The Audit Committee’s Role in Overseeing Non-financial Information.
What do drug pipelines, like-for-store growth and website traffic have to do with a company’s financial statements? Virtually nothing—and that may be a problem for audit committees.
Here’s the issue: investors, analysts and other stakeholders no longer evaluate a company’s performance based solely on its financial statements. Instead, stakeholders in all industries increasingly demand—and receive—a wide range of non-financial information that can be found in corporate responsibility reports, corporate presentations to investors—even in the MD&A (management discussion and analysis). Investors may also look at corporate press releases, speeches, blog posts and a range of other disparate sources. In oil and gas, for instance, they might consider a company’s exit rate, which is the daily volume of oil or gas a company produces on a specific date. Similar metrics are of equal interest in other industries as well.
As the extent to which people rely on historical financial statements declines, the importance of non-financial metrics—and their quality—rises. Many audit committees, however, continue to confine the focus of their review process to financial statements and the MD&A. As a result, non-financial information that appears outside those traditional documents—for example, in a corporate responsibility report—is frequently un-vetted and un-reviewed for accuracy of information or consistency of message. This can be an issue, as few reporting processes are as rigorous as those for financial reporting. For example, a recent KPMG survey found that in 2013, 25% of the world’s largest companies made restatements to their corporate responsibility data. While some of these were due to changing reporting methodologies, this clearly suggests the initial information was not prepared with suitable rigor; a proper vetting process would help lower the risk of investors receiving unreliable non-financial information from that source.
These kinds of inaccuracies could potentially expose companies to significant risk if it turns out investors are relying on inaccurate information. This is especially true in the age of social media, where information is often released to the public every day (or several times a day) without passing through official channels. It’s important to note, however, that the concept of integrated reporting is on the rise, combining financial, management commentary, governance and remuneration, and corporate responsibility reporting into an accurate, coherent whole. Many firms, in fact, are making a tentative move toward vetting non-financial information along with financial data in their annual reports and the trend may be expanding: In 2011, South Africa’s regulator became the first to require listed companies to produce annual integrated reports of financial and non-financial information.

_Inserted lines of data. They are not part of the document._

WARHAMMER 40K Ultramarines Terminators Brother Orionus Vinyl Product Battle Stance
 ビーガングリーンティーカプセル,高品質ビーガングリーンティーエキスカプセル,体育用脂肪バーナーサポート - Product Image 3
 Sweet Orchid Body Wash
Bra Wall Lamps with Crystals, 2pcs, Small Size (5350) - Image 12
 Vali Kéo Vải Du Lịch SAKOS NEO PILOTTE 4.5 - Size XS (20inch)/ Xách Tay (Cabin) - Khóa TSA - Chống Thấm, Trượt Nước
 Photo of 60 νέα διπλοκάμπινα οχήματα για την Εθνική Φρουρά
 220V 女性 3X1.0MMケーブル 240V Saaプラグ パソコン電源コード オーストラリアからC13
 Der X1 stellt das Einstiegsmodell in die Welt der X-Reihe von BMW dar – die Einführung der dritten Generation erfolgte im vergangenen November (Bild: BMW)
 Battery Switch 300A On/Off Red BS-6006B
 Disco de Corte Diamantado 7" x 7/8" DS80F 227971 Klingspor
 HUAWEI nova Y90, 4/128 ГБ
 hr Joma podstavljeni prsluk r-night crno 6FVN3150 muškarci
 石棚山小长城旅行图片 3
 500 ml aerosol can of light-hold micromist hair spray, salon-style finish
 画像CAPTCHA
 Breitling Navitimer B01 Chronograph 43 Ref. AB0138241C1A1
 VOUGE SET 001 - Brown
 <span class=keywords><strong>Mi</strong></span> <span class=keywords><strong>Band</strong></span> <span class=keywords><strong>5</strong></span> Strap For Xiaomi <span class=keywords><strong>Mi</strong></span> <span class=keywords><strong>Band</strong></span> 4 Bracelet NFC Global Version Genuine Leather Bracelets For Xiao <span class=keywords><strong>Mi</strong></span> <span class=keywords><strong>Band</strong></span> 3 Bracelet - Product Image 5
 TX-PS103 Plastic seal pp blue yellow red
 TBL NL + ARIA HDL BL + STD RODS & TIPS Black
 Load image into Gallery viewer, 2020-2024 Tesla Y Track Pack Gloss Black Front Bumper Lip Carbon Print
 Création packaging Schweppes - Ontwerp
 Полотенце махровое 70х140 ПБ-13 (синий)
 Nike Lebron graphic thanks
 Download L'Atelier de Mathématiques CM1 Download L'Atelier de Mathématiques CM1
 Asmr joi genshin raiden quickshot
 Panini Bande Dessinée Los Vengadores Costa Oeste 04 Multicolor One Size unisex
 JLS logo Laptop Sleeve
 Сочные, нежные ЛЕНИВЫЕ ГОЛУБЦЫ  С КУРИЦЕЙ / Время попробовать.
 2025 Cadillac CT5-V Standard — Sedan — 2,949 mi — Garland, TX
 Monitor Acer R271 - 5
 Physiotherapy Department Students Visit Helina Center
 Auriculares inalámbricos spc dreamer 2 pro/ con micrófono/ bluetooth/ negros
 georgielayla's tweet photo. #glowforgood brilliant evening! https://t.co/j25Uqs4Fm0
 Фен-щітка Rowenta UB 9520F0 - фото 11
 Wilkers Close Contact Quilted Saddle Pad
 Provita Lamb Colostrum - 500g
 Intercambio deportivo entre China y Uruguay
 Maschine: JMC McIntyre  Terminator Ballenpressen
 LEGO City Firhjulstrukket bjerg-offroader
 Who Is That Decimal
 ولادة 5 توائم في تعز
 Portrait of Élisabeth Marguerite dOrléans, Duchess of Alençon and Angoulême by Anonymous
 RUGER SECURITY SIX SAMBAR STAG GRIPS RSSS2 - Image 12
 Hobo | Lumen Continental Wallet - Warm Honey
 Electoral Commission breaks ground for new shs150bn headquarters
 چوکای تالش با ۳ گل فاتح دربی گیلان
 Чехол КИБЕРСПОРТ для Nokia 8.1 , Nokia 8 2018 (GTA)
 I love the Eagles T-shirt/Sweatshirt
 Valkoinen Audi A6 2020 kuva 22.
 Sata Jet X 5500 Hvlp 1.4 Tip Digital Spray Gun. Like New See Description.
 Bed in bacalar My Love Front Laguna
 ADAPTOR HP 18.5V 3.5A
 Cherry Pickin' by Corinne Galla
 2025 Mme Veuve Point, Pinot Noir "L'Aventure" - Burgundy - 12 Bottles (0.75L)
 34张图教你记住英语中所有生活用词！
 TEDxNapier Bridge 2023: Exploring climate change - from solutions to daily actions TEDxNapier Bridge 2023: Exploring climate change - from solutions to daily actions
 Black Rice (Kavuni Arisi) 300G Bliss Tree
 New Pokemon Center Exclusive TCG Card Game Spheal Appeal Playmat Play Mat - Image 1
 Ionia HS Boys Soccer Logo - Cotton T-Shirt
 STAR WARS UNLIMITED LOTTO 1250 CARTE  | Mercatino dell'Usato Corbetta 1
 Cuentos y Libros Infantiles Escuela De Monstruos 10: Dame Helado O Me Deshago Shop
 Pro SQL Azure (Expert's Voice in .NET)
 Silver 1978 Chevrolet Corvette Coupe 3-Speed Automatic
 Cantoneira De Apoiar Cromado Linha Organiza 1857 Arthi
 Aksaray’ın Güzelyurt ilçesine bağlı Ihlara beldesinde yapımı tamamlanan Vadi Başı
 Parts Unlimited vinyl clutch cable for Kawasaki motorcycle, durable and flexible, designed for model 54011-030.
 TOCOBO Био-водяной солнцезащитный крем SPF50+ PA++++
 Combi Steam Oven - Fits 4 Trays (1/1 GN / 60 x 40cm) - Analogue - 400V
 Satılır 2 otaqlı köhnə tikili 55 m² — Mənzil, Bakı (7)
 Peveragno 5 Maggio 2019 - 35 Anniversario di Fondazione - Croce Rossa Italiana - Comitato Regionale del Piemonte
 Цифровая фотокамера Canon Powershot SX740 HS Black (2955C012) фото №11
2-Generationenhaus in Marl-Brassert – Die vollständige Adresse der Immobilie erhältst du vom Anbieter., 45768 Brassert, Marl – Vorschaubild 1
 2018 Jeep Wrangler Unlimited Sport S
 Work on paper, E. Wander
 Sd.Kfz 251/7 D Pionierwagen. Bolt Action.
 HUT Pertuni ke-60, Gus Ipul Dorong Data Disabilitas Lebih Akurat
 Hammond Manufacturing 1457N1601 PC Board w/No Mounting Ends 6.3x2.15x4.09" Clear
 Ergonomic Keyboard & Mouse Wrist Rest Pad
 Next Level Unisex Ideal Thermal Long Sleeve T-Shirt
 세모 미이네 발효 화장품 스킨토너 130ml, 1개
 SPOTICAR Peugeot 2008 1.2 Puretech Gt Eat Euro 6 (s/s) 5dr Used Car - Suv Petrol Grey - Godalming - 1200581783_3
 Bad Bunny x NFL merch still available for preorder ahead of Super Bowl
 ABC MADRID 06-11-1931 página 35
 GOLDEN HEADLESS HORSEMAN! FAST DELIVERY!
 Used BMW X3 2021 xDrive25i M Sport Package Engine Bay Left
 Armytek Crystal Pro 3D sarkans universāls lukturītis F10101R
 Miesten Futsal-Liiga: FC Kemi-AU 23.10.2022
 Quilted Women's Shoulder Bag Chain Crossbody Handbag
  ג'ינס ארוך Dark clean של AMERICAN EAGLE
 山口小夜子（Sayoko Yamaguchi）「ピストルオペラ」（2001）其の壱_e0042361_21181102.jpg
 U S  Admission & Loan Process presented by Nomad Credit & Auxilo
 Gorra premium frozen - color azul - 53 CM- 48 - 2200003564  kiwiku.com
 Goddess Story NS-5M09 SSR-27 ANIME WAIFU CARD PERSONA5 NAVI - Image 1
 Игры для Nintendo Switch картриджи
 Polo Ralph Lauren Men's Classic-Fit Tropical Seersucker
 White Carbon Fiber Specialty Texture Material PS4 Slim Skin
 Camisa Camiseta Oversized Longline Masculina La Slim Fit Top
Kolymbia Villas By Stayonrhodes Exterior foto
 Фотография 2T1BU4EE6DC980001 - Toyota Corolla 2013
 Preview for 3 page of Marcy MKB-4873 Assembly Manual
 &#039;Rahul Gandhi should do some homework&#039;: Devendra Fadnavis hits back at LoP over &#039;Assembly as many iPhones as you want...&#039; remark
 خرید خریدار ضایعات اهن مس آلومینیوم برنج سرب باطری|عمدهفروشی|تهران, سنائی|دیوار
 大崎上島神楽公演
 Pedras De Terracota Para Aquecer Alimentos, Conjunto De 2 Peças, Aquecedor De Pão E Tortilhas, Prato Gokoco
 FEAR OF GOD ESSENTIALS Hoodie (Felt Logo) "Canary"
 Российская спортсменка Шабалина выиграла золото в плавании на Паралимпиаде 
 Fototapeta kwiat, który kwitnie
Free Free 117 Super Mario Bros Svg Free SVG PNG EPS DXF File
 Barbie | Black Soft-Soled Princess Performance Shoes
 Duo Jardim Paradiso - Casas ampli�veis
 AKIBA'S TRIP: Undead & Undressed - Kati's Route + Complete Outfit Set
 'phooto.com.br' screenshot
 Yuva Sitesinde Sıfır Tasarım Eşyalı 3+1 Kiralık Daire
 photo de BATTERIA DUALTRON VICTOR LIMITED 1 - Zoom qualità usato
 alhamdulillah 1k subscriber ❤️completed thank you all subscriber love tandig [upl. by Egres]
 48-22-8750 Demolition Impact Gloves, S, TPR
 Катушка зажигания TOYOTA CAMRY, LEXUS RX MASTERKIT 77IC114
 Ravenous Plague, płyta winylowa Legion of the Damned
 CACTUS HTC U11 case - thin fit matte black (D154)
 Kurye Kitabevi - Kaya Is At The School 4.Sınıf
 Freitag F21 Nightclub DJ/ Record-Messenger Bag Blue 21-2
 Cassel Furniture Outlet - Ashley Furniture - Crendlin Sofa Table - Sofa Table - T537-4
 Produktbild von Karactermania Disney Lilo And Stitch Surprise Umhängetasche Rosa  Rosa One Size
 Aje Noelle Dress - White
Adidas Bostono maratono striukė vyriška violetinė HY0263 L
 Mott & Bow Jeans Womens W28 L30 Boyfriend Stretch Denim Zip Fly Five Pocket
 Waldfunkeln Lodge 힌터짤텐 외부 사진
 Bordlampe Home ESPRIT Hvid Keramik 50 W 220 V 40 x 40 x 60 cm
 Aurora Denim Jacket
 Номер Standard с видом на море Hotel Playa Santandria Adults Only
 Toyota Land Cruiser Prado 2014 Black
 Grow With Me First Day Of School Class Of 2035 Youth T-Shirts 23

51% of companies now include non-financial information in their annual financial report.
To be sure, this issue is not—and should not be—the sole domain of the audit committee. In fact, some companies have set up separate disclosure committees specifically to review the accuracy of non-financial information the company plans to release. These disclosure committees often include members of the senior management team who are charged with reviewing materials intended for external circulation to ensure their accuracy. Depending on the type of information being released, it may be reviewed by executives in finance, operations, technology or other relevant functional areas.
Where non-financial disclosures have the potential to be heavily relied on, some companies even distribute the information to the board in advance—not necessarily to ask for approval, but to help ensure the board remains informed of relevant disclosures.
The role of the audit committee, then, is not to review all non-financial information, but to assist in ensuring that management has well-defined processes and controls in place for the preparation, dissemination and oversight of this information. Questions they can ask in pursuit of this goal include:
Given the complexity and variety of issues that require audit committee oversight, it is no surprise that many audit committees have not seriously considered this issue. On the plus side, this is likely not an issue that needs to be made into a regular agenda item. Quite the contrary, most audit committees can consider this issue in one meeting by asking management to present their process for handling the disclosure of non-financial information. If an effective process is in place, the issue can be tabled for annual review. If not, the audit committee should be aware of this gap and take steps to have management remediate it.
Right now, companies release non-financial information in varying degrees and through various mechanisms, and what and how much information gets released is not fully regulated in Canada. Does your audit committee understand the processes and controls your organization has—if any—around the non-financial information that gets disseminated? Based on our survey, many issues exist. If non-financial metrics continue to gain value in stakeholders’ eyes, regulation may increase, and audit committee oversight may be expected and perhaps required. If that happens, companies that have never considered the matter will have some serious catching up to do.